Ustaw dobrych dla Polski i Polaków na pewno nie będę wetować - zapewnił w rozmowie z tygodnikiem "Sieci" prezydent Andrzej Duda. Zachęcił jednocześnie tych, którzy obejmą władzę, do działania oraz realizowania swoich obietnic wyborczych.

"Będę stosował swoje konstytucyjne prerogatywy i działał tak, jak prezydentowi zezwala konstytucja. Z weta już zresztą nieraz korzystałem. Teraz również nie zawaham się tego zrobić, jeśli uznam, że rządzący będą próbowali naruszać konstytucyjne normy, obchodzić czy naginać obowiązujące w Polsce prawo" - powiedział prezydent w rozmowie z tygodnikiem.

Dodał, że będzie także stał na straży "najważniejszych osiągnięć ostatnich ośmiu lat, w tym licznych programów społecznych, które znacząco poprawiły życie Polaków". "Zobowiązałem się do tego, kandydując w wyborach i będąc dwukrotnie wybieranym. Otrzymałem od Polaków silny mandat. Swoje słowa i zobowiązania traktuję niezwykle poważnie" - zapewnił Andrzej Duda.

Podkreślił jednocześnie, że ustaw dobrych dla Polski i Polaków na pewno nie będzie wetować. "I zachęcam tych, którzy obejmą władzę, do działania oraz realizowania swoich obietnic wyborczych" - dodał.

Pytany o to, że zdecydował się powierzyć misję formowania rządu Mateuszowi Morawieckiego, prezydent Duda wskazał, że przedstawiciele Koalicji Obywatelskiej, Lewicy i Trzeciej Drogi nie przekonali go, że "warto zrezygnować z dobrej tradycji parlamentarnej, zgodnie z którą to zwycięskie ugrupowanie jako pierwsze otrzymuje misję tworzenia rządu". "W pierwszym kroku mówimy o wyborze prezydenckiego kandydata na premiera. Ja jestem prezydentem, ale Donald Tusk nie jest moim kandydatem na premiera" - powiedział Andrzej Duda.

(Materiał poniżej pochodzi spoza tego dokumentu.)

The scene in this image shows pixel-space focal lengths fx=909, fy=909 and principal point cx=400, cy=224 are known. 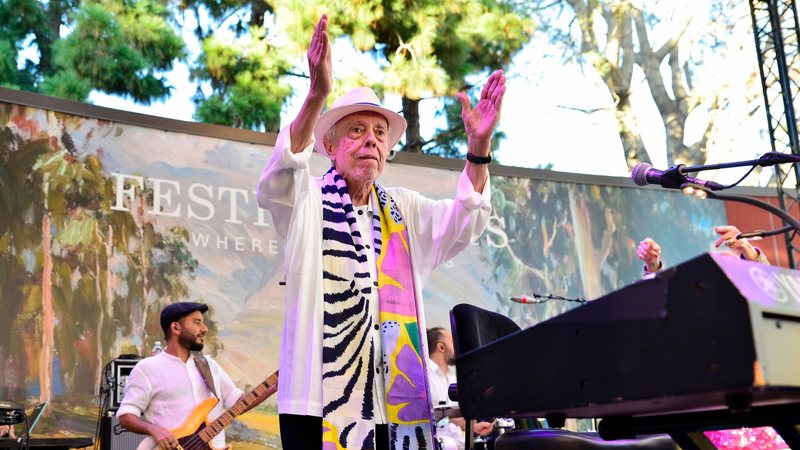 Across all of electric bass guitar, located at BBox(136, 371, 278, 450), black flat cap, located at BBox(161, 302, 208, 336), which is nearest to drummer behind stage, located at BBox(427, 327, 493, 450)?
electric bass guitar, located at BBox(136, 371, 278, 450)

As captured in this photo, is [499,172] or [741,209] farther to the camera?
[741,209]

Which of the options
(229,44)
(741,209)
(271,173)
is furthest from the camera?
(229,44)

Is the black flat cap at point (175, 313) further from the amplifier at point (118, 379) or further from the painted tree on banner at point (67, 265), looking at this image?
the painted tree on banner at point (67, 265)

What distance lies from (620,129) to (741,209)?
670cm

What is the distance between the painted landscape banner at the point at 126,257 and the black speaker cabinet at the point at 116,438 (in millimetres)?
634

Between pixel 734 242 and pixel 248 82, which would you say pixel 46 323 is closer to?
pixel 734 242

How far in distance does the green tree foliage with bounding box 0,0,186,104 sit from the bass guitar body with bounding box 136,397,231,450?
6.20 m

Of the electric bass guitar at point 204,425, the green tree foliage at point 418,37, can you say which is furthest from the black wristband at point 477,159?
the green tree foliage at point 418,37

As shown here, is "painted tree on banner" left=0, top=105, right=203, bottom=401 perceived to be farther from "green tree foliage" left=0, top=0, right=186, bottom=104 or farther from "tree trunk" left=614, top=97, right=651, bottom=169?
"tree trunk" left=614, top=97, right=651, bottom=169

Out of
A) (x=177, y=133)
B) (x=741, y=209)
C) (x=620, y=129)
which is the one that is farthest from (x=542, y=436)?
(x=620, y=129)

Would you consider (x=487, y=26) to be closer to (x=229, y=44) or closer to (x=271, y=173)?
(x=229, y=44)

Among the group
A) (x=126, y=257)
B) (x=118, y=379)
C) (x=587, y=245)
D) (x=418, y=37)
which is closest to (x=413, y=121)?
(x=418, y=37)

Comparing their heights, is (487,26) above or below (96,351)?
above

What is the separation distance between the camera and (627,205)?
1006 centimetres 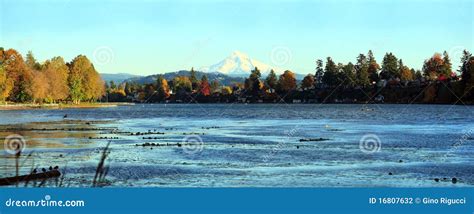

Jak mówił prezydent w wywiadzie, jego rolą nie jest ani przekonywanie nikogo do jakiejkolwiek koalicji parlamentarnej, ani odwodzenie od niej. "To zadanie dla partyjnych liderów. Ja zachęcam, i mówię to konsekwentnie od 2020 r., do budowy szerokiej koalicji polskich spraw wokół tematów najważniejszych dla naszej ojczyzny, takich jak rodzina, bezpieczeństwo, praca, inwestycje oraz godność Polski i Polaków" - mówił prezydent.

Odnosząc się do spotkania z marszałkiem Sejmu Szymonem Hołownią, prezydent powiedział, że drzwi pałacu prezydenckiego zawsze są otwarte, a on sam jest gotowy do współpracy z nowo wybranym Sejmem. I dodał: "Jednocześnie wyraziłem głębokie ubolewanie, że przedstawiciel największego klubu parlamentarnego nie został wybrany do prezydium tej izby".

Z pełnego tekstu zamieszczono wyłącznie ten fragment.